A forthcoming exhibition at London's Courtauld Gallery will feature a group of fourteen paintings, together with sketches and oil studies, by leading British artist, Frank Auerbach. Auerbach, a contemporary of Lucian Freud, Francis Bacon and Leon Kossoff, has made a significant contribution to the British art scene in the post-war years.

The paintings of London's post-war building sites were produced during the early part of the artist's career. The display will explore Auerbach's artistic development revealing his creative processes and responses to the city's devastated landscape and subsequent recovery.

Frank Auerbach – About the Artist

Frank Helmut Auerbach was born on 29th April 1931 to Jewish parents in Berlin. Before their own death in a concentration camp, Max Auerbach and Charlotte Nora Burchardt arranged for their son to be sent to England, sponsored by the author Iris Origo, as part of the Kindertransport programme. He arrived in London in 1939 just before his eighth birthday.

Between 1947 and 1952 Auerbach studied at several institutions, including St Martin's School of Art, the Royal College of Art, and the Borough Polytechnic. His tutor at the Polytechnic was David Bomberg, the British painter and lithographer.

Frank Auerbach and His Art

During World War II London was devastated by the blitz with thousands of buildings badly damaged or destroyed. Auerbach was drawn to the bomb sites where workmen were removing rubble to clear the way for the foundations of the new capital.

London became a city of cranes towering above and around the building sites. The artist filled his sketchbooks with images of London's reconstruction capturing the powerful drama of these events. The resulting paintings show his responses as he watched order emerge from desolation. However, Auerbach would spend so much time working and reworking a landscape that by the time he completed the piece, the building had already been erected, and opened, long before the artist had even completed the foundations.

Highlights of the Exhibition

One of the highlights of the display will be Maples Demolition (1960), a reproduction of the devastated Maples furniture store. This painting is one of his most powerful. It records both the confusion and desolation of the bombed out site, as well as the excitement and optimism evoked by the mighty cranes, scaffolding and armies of builders.

Maples Demolition is dominated by thickly applied paint in varying shades of red and yellow. It contrasts sharply with many of his earlier paintings which were dominated by earth tones. The quantities of paint required to complete these large paintings was so great that during his early career the earth tones were the only colours he could afford!

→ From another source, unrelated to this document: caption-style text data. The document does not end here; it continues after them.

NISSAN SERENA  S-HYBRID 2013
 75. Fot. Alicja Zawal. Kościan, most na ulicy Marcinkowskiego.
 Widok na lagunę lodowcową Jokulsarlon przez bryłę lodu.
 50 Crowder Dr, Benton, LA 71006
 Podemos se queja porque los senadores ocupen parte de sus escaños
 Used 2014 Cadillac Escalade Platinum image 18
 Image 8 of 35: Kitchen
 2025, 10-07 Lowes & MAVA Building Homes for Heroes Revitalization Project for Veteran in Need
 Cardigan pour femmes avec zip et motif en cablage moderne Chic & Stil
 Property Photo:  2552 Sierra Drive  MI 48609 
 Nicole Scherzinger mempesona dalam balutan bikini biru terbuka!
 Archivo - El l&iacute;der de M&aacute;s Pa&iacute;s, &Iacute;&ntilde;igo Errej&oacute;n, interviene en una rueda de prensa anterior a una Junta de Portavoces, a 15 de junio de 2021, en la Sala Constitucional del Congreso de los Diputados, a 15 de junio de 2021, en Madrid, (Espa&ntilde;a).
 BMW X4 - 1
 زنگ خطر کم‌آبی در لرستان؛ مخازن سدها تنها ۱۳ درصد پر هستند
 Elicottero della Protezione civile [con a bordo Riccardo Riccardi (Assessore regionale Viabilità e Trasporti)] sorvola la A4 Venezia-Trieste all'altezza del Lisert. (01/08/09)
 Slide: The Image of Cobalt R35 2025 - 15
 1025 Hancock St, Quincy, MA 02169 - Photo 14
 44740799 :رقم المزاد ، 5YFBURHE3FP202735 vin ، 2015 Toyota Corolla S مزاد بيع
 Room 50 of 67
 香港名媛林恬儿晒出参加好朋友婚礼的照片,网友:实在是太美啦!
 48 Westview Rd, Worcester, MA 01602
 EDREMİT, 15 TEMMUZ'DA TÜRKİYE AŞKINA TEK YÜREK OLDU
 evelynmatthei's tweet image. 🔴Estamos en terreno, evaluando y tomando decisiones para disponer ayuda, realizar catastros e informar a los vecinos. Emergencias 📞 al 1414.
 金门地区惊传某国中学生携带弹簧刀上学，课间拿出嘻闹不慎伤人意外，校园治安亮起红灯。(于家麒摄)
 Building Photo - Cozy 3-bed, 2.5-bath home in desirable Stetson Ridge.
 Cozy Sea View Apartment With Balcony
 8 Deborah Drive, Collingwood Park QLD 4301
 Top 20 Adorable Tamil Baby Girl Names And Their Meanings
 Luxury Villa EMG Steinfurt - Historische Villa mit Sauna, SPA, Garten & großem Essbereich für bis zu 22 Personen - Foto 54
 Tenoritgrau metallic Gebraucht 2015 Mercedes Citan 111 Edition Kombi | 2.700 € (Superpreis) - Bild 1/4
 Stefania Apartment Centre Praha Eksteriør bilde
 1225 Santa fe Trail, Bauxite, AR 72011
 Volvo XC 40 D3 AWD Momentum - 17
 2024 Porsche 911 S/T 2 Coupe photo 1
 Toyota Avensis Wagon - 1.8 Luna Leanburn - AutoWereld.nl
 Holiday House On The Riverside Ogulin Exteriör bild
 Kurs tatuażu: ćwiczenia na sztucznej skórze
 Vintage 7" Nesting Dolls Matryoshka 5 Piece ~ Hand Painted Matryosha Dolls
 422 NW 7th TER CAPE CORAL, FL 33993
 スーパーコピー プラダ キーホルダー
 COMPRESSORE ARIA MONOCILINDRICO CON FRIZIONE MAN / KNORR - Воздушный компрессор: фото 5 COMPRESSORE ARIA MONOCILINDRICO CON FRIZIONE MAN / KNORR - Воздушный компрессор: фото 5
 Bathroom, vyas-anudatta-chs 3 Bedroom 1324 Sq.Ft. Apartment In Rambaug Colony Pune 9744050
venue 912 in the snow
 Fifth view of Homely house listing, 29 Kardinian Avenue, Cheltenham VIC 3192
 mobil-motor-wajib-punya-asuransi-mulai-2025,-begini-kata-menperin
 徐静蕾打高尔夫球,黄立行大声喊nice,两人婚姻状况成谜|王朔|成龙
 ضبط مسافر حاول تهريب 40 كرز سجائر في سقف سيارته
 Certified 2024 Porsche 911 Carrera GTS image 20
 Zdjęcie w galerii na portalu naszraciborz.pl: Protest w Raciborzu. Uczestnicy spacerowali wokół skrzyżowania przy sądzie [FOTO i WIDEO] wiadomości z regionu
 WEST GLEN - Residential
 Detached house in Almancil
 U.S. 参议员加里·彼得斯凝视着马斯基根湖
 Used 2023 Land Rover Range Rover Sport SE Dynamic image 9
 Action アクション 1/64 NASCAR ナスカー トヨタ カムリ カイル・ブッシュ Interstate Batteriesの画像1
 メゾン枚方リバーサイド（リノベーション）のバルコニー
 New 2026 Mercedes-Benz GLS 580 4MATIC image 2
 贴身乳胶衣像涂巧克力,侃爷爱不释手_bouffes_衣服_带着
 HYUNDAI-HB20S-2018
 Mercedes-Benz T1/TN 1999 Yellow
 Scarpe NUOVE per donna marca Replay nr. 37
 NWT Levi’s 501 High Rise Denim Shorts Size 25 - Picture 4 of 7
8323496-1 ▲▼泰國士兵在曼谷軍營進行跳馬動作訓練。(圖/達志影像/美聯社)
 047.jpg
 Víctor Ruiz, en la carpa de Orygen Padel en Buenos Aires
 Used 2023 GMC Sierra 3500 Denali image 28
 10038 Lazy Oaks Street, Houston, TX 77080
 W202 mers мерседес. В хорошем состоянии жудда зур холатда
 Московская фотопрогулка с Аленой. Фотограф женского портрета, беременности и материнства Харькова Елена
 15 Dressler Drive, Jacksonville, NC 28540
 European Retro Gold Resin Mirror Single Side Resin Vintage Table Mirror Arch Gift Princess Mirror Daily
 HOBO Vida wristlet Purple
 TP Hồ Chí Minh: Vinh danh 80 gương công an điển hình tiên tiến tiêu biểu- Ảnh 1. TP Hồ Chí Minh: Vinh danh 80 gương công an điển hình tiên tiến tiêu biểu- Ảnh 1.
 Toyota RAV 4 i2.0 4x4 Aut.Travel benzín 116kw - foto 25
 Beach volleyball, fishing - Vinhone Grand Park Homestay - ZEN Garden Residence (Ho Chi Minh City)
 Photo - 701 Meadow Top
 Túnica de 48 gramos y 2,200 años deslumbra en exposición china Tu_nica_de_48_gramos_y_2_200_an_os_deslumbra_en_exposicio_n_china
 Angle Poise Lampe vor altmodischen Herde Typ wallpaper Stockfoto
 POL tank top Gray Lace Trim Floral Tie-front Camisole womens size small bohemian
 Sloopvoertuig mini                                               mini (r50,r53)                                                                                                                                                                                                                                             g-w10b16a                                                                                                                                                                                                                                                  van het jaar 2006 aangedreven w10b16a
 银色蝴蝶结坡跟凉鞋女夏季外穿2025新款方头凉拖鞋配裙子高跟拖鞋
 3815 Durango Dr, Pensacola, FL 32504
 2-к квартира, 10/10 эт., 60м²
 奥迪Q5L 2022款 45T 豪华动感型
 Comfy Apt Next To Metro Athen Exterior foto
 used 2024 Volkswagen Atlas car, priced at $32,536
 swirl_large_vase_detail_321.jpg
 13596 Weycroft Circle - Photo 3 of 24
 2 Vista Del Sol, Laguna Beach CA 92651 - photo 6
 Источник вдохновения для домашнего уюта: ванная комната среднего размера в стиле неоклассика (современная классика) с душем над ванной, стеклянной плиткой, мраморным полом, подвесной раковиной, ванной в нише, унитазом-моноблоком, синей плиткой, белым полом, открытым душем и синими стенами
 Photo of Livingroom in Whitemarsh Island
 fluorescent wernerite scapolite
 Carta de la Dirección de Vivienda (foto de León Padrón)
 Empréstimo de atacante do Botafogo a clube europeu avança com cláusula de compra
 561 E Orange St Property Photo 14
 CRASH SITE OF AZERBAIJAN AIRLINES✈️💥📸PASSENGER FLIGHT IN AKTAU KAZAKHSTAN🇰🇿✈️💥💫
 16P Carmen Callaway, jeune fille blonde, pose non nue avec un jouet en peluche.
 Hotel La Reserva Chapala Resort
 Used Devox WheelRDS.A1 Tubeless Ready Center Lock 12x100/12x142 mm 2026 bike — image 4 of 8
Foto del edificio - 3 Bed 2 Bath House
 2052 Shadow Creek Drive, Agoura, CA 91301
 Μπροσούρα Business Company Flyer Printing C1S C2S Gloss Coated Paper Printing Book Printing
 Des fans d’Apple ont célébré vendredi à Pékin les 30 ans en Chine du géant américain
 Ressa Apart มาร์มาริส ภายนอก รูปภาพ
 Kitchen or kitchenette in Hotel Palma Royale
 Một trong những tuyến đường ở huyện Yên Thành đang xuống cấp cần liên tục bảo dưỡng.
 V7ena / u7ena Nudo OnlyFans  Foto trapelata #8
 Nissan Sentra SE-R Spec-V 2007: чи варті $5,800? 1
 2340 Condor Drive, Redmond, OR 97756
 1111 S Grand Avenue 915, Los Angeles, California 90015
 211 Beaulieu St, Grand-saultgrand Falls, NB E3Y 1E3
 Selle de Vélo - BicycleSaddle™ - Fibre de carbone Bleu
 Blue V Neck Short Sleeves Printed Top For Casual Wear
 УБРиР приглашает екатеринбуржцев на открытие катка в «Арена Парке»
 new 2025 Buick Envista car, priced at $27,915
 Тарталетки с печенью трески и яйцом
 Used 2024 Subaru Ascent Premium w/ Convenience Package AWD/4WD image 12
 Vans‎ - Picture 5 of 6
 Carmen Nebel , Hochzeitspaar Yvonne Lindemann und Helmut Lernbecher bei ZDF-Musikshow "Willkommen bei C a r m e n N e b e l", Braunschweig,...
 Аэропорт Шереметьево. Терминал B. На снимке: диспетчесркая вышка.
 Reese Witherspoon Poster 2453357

Frank Auerbach – London Building Sites 1952-62 will be on view from 6th October 2009 to 19th January 2010 at The Courtauld Gallery, Somerset House, London.

Source:

  • Hughes, Robert, Frank Auerbach, Thames and Hudson, 1990, ISBN 0-500-09211-7.

The copyright of the article Frank Auerbach – London Building Sites 1952-62 in Special Art Gallery Exhibits is owned by Frances Spiegel. Permission to republish Frank Auerbach – London Building Sites 1952-62 in print or online must be granted by the author in writing.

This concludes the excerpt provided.